Every remark like that trivialises every one of these women, and not just these women but all women, assessing them in terms of hot-or-not instead of by their principles and contributions. Diminishing women’s achievements with a fuckability rating – useful women are irresistible sirens, alarming women are repellent hags – is one of the patriarchal status quo’s oldest tricks. It’s a cheap shot.
Women used to buy into it, shaming other women in terms of whether men found them fuckable or not. The Malkins and Coulters still do, and certainly the American Right does:
Ms. Miss Ann “I am emboldened by my looks to say things Republican men wouldn’t” Coulter should be concerned about that poster set. If she, through no fault of her own, should develop some metabolic imbalance that resulted in her stacking on 10kg or so, she would find that suddenly Republican men wouldn’t want her on TV any more, and who reads books written by people who aren’t on TV?

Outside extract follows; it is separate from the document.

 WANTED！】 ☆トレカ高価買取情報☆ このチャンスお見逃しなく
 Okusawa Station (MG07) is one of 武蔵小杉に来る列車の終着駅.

See? Cheap shots, playing around with unflattering stereotypes and fuckability ratings, are really, really easy and really, really pointless. By all means be insulting if a woman’s principles consist of shoring up the corporatocracy and her contributions reek of greed and arrogance. Call them on it as vividly, pungently and profanely as you like. They are, after all, arseholes (a fabulous ungendered disparagement).
It’s fine that in general we don’t find people whose opinions we detest in any way physically attractive: that’s natural. Just cut out the fucking sexist fuckability ratings, OK?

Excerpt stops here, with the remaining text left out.